Source information:
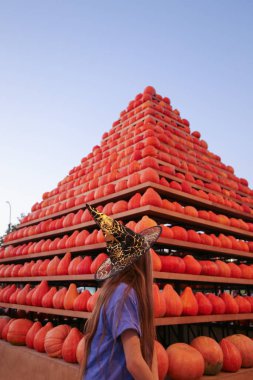 10 years girl in witch hat with pumpkin pyramid in background clipart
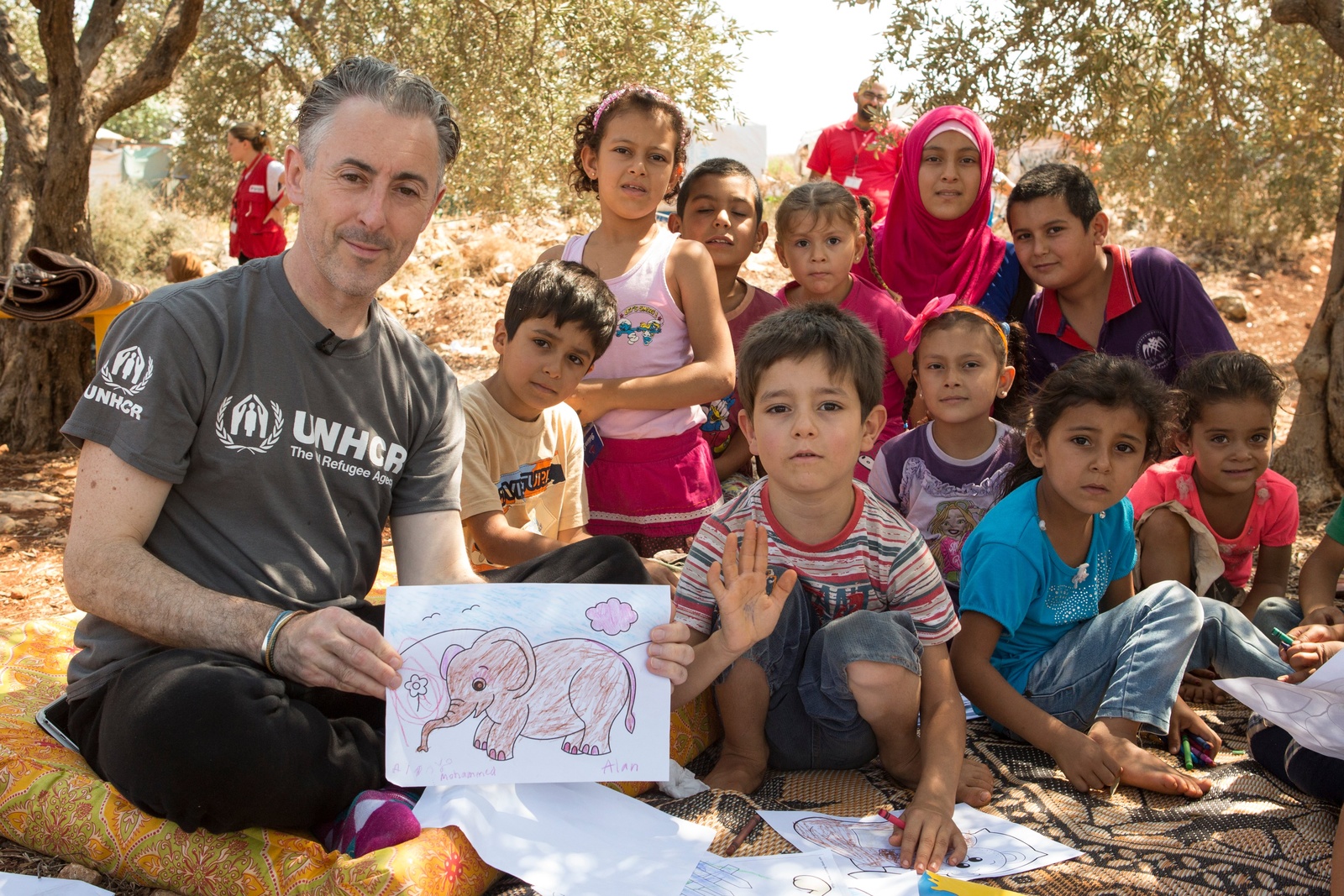Lebanon. UNHCR High Profile Supporter Alan Cumming visits mobile library at Rass Maska informal settlement.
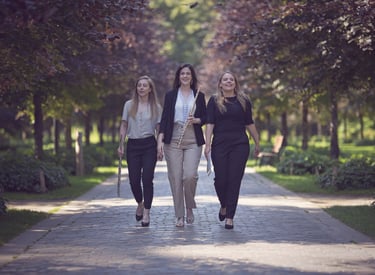 three women walking down a path in a park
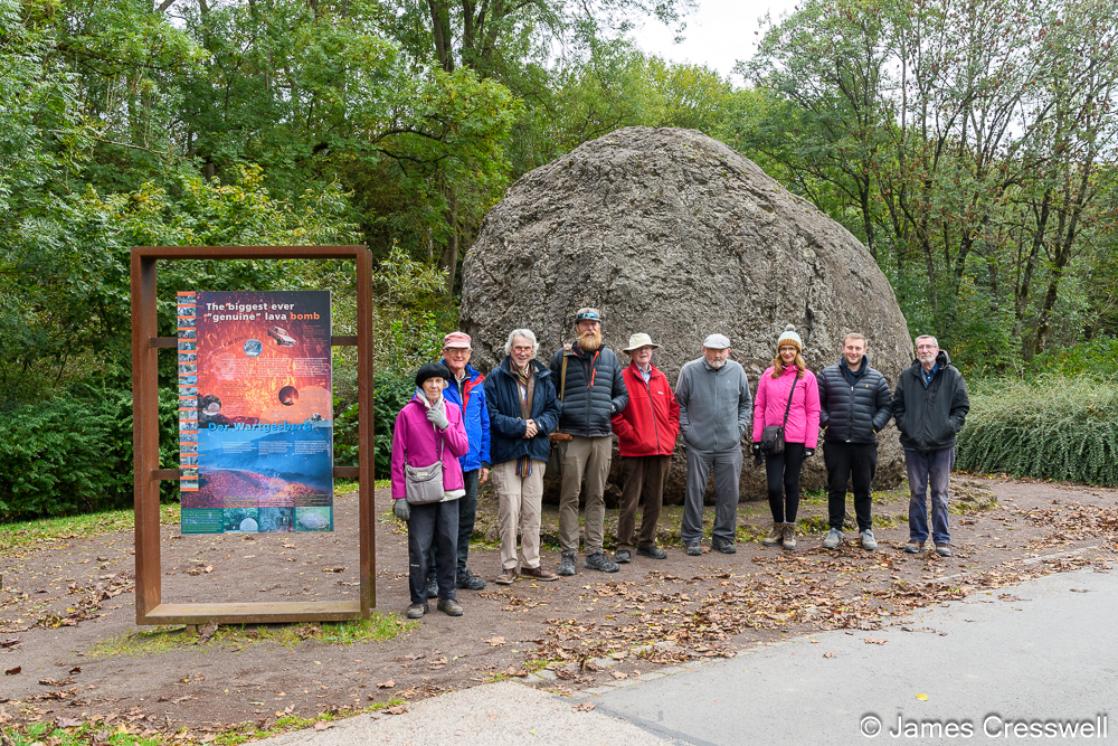 A group of people standing in front of a huge rock ball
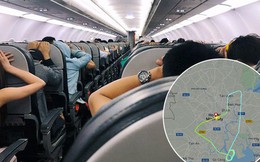 Clip: Hành khách đồng loạt vào "tư thế an toàn" trên chuyến bay Vietjet nghi gặp sự cố phải bay vòng trên trời rồi quay lại Tân Sơn Nhất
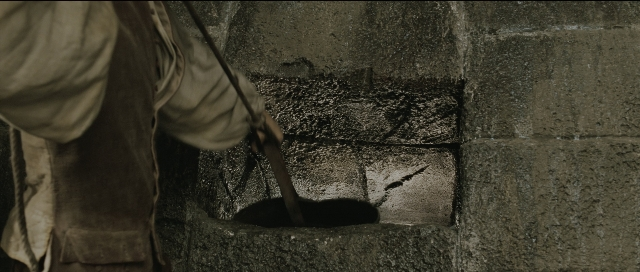 Wide shot frame from Perfume: The Story of a Murderer — hand, shirt, face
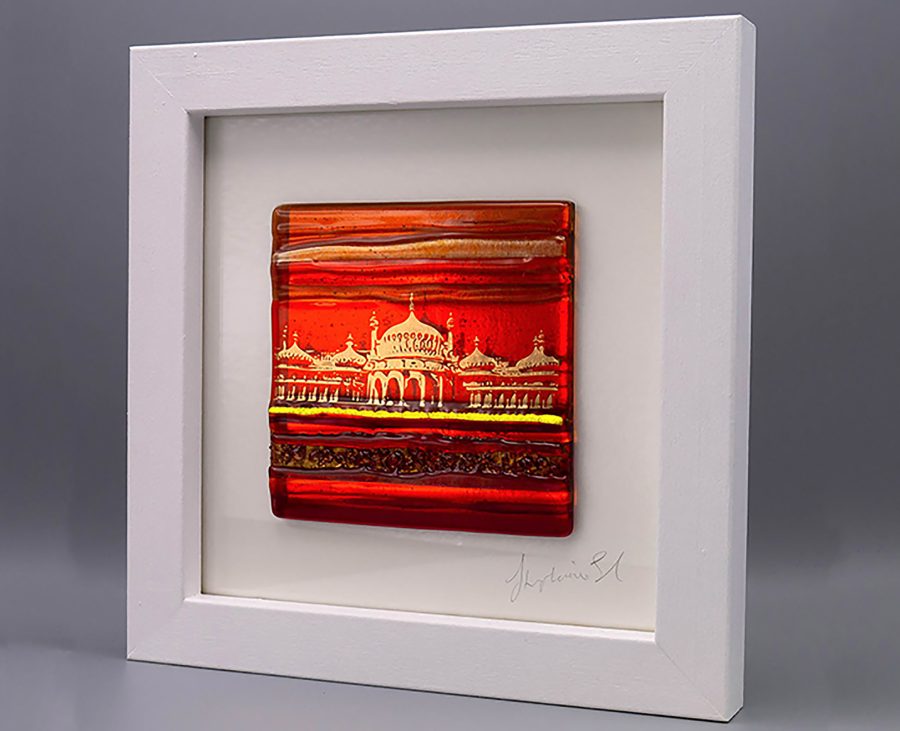 A textured Glass Tile in shades of orange glass with an abstract image of the Royal Pavilion in shiny 22ct gold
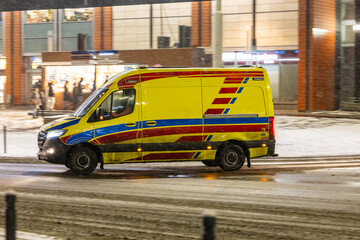 Karetka medyczna w śniegu zimą na sygnale alarmowo © FotoDax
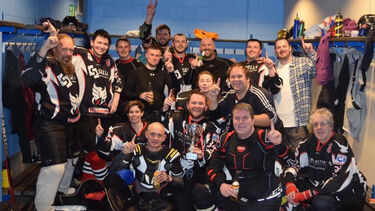 Adam celebrating with his hockey team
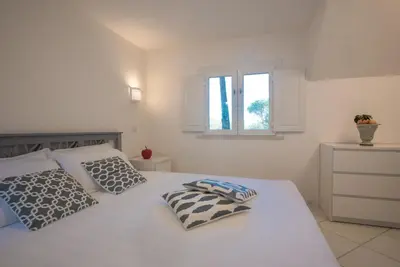 Letto o letti in una camera di Sul Mare Sardegna Villa Criside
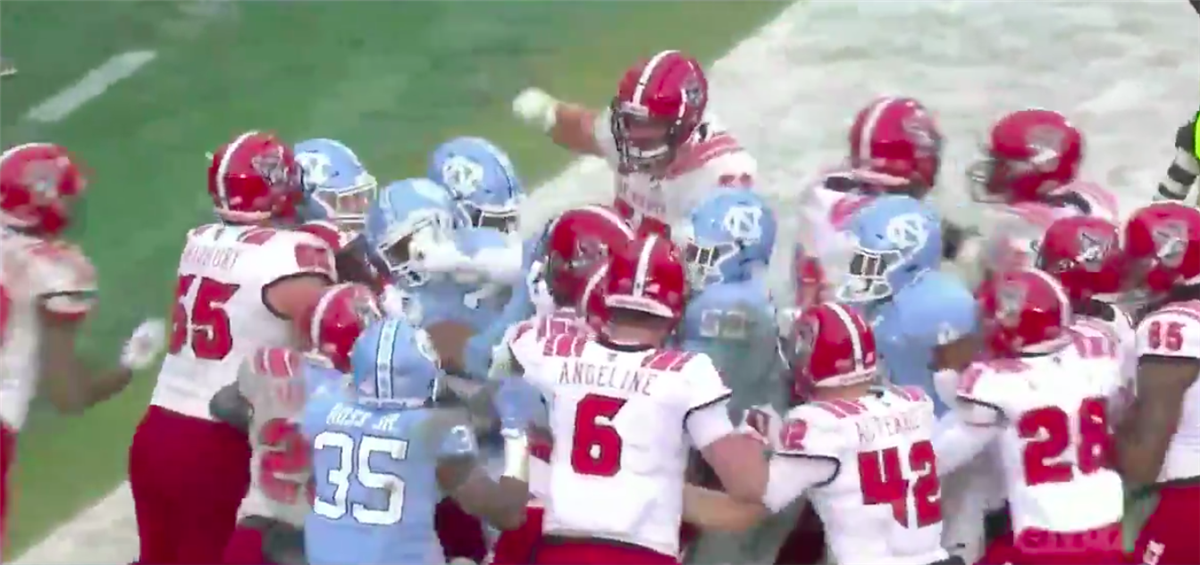 WATCH: Postgame Brawl Breaks Out In NC State's 34-28 Win Vs. UNC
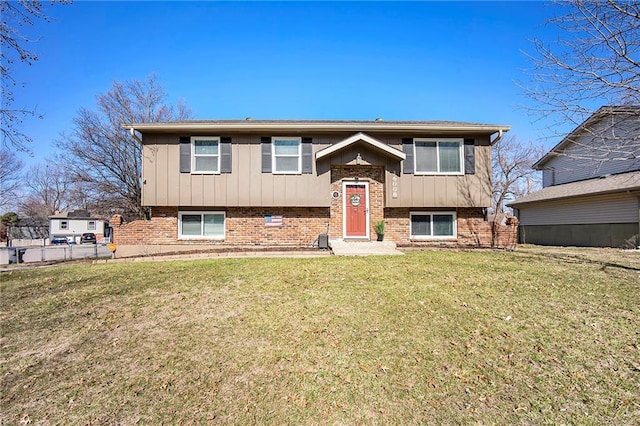 bi-level home featuring brick siding, board and batten siding, a front yard, and fence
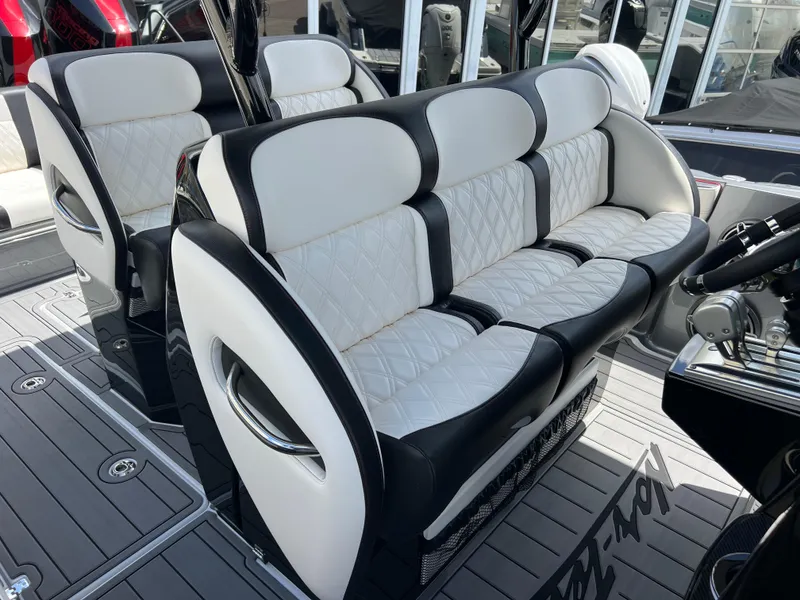 Slide: The Image of 2025 Nor-Tech 390 Sport Center Console, luxurious seating with black and white upholstery. - 19
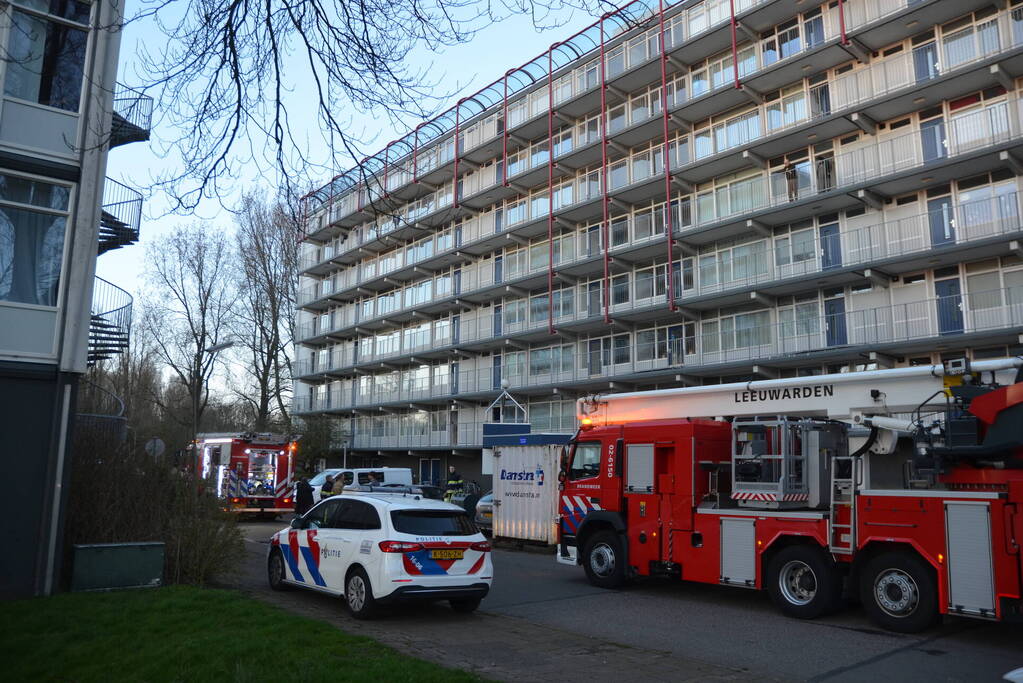Rookoverlast door barbecue op balkon
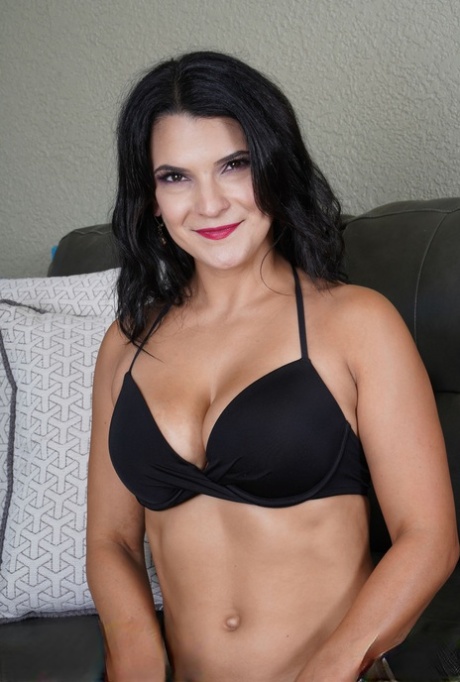 30 plus brunette Mio Moore removes her bikini for first nude gig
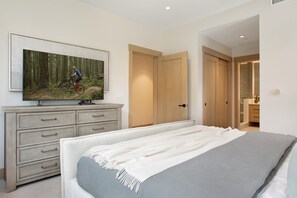 Une chambre à coucher comprenant un lit, une commode, un téléviseur diffusant une scène de VTT et une porte donnant accès à une salle de bain.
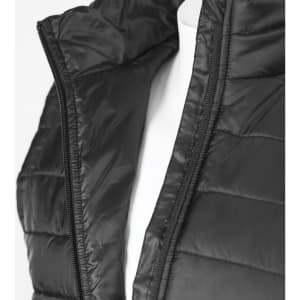 A black women's puffer vest with a zippered opening and quilted texture, displayed on a mannequin.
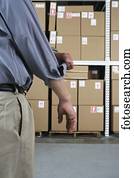 Close up of businessman rolling up his sleeve in warehouse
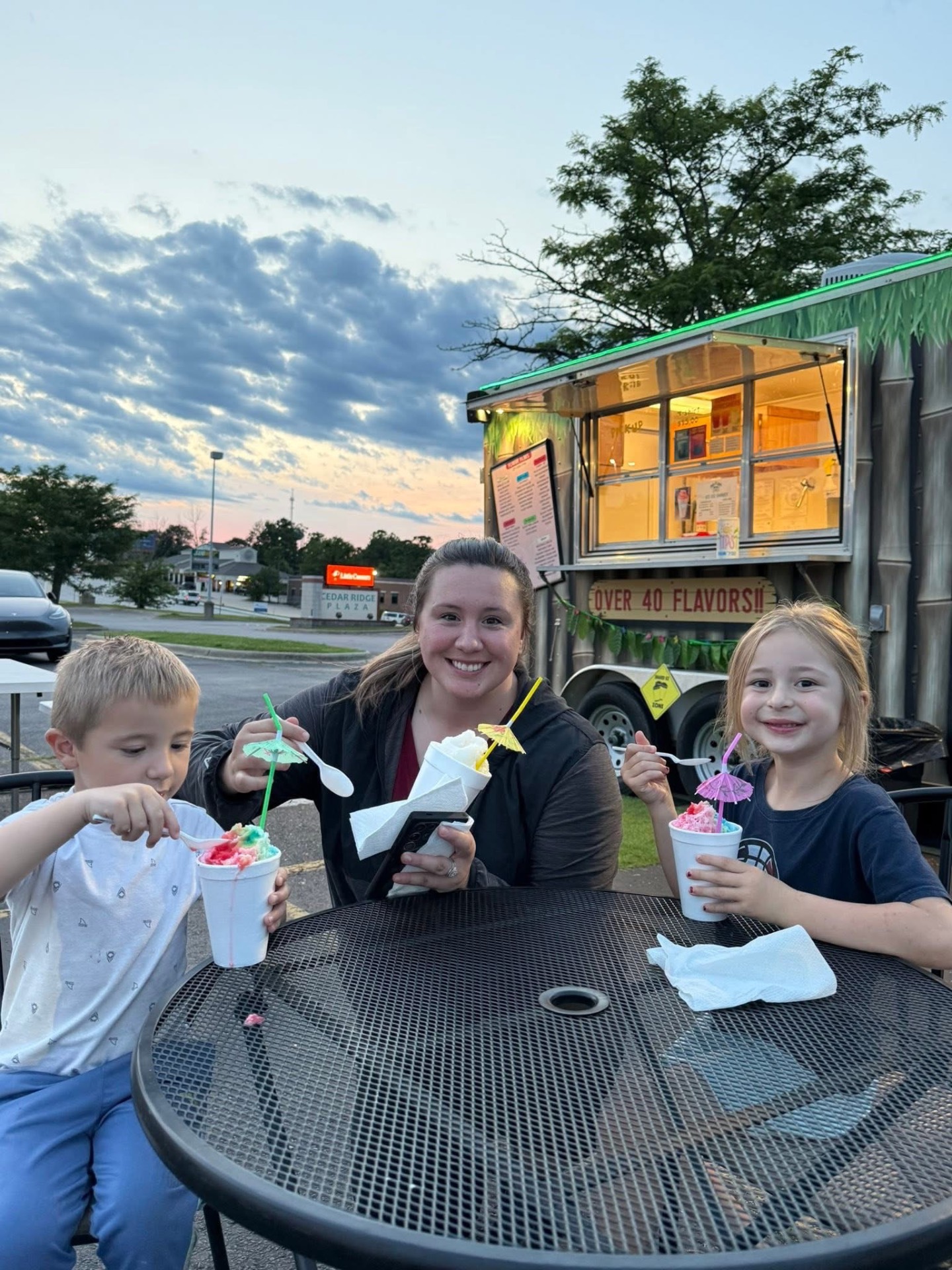 Kids and mom at the food truck at sunset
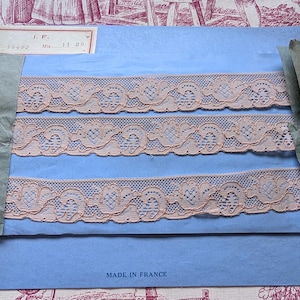 Peut inclure: Trois bandes de dentelle pêche délicate avec un bord festonné et un motif floral sont présentées sur un papier bleu clair. Le papier est étiqueté "MADE IN FRANCE" en bas. Une petite étiquette est attachée en haut à gauche.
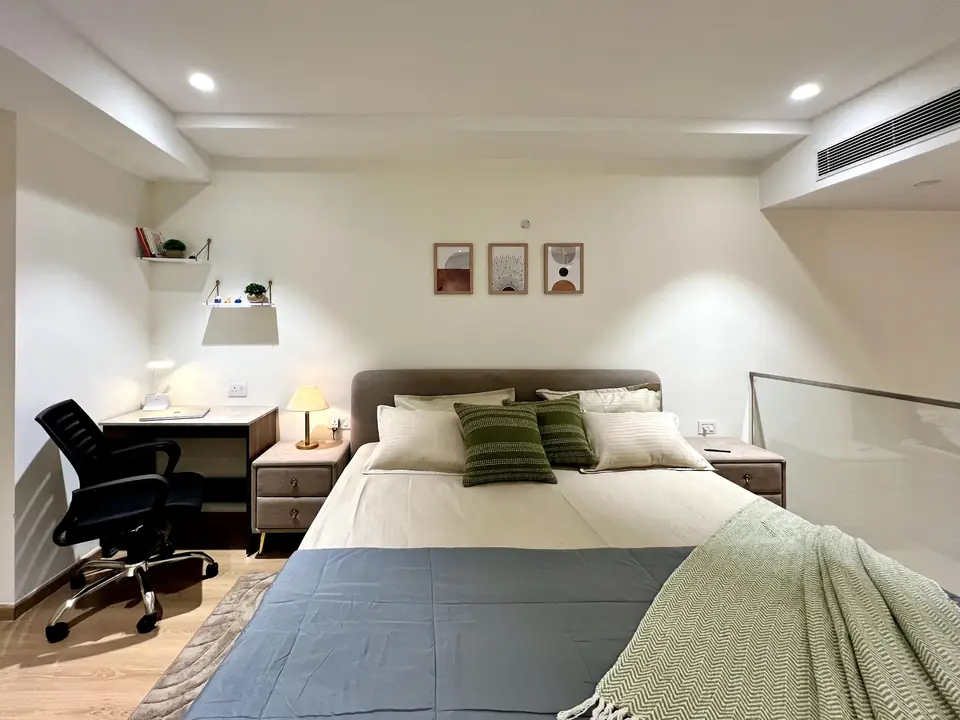 Bedroom with desk and chair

Instructions for the task:
Above are the records; transcribe them exactly without the pictures.

Answer box:
 10 years girl in witch hat with pumpkin pyramid in background clipart
Lebanon. UNHCR High Profile Supporter Alan Cumming visits mobile library at Rass Maska informal settlement.
 three women walking down a path in a park
 A group of people standing in front of a huge rock ball
 Clip: Hành khách đồng loạt vào "tư thế an toàn" trên chuyến bay Vietjet nghi gặp sự cố phải bay vòng trên trời rồi quay lại Tân Sơn Nhất
 Wide shot frame from Perfume: The Story of a Murderer — hand, shirt, face
 A textured Glass Tile in shades of orange glass with an abstract image of the Royal Pavilion in shiny 22ct gold
 Karetka medyczna w śniegu zimą na sygnale alarmowo © FotoDax
 Adam celebrating with his hockey team
 Letto o letti in una camera di Sul Mare Sardegna Villa Criside
 WATCH: Postgame Brawl Breaks Out In NC State's 34-28 Win Vs. UNC
 bi-level home featuring brick siding, board and batten siding, a front yard, and fence
 Slide: The Image of 2025 Nor-Tech 390 Sport Center Console, luxurious seating with black and white upholstery. - 19
Rookoverlast door barbecue op balkon
 30 plus brunette Mio Moore removes her bikini for first nude gig
 Une chambre à coucher comprenant un lit, une commode, un téléviseur diffusant une scène de VTT et une porte donnant accès à une salle de bain.
 A black women's puffer vest with a zippered opening and quilted texture, displayed on a mannequin.
 Close up of businessman rolling up his sleeve in warehouse
 Kids and mom at the food truck at sunset
 Peut inclure: Trois bandes de dentelle pêche délicate avec un bord festonné et un motif floral sont présentées sur un papier bleu clair. Le papier est étiqueté "MADE IN FRANCE" en bas. Une petite étiquette est attachée en haut à gauche.
 Bedroom with desk and chair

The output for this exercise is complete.